Energy is at the heart of achieving many Sustainable Development Goals (SDGs)—from eradicating poverty through access to healthcare, education, and…
Key messages
- Electricity distribution utilities drive the expansion of energy access and the transition to clean energy. With the COVID-19 pandemic deteriorating the financial health of utilities, measures at operational, institutional, financial, and commercial levels should be initiated to make utilities economically sound and future-ready.
- Utilities must strive to become decarbonised, decentralised, and digitalised with a paradigm shift in their operations, particularly in planning, load forecasting, and energy utilisation in the grid. This can be accomplished by creating smaller profit and loss units within the distribution utilities to make operational-level officials more commercially inclined to the overall goal.

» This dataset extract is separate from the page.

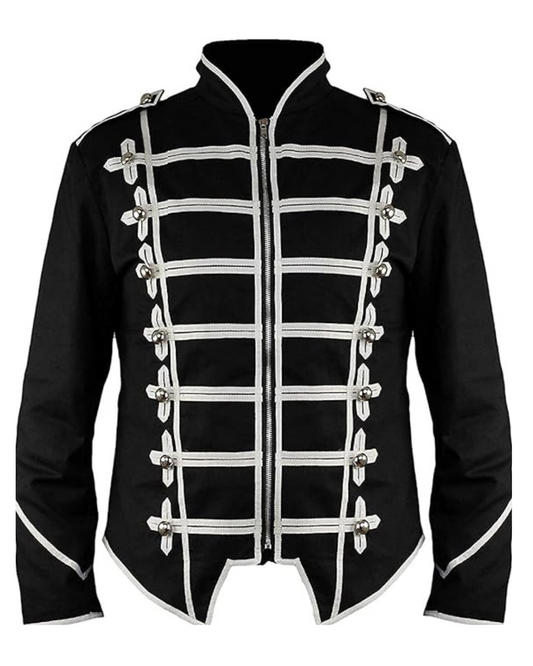 Men’s steampunk military drummer jacket front view featuring gothic parade styling, structured tailoring, and decorative military details.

- Technical and commercial losses damage the operational and financial health of a utility. Given that COVID-19 has aggravated these losses further, investments in smart technologies must be improved and expedited to aid in reducing losses and assist utilities in making the transformation to a digitalised world.
- Reducing regional disparity in fund disbursements and introducing homogeneity of investment in the power sub-sectors can help utilities ensure system efficiency, grid extension, and renewable energy integration. Furthermore, bridging the investment gap through proper routing of funds for solar-based mini-grids can resolve the energy access problem, especially in rural and remote areas.
- Utilities should be able to earn enough to recover the cost of supplying power. Precise targeting of subsidies for consumers and ensuring cost-reflective tariffs can be instrumental in building self-sustaining utilities.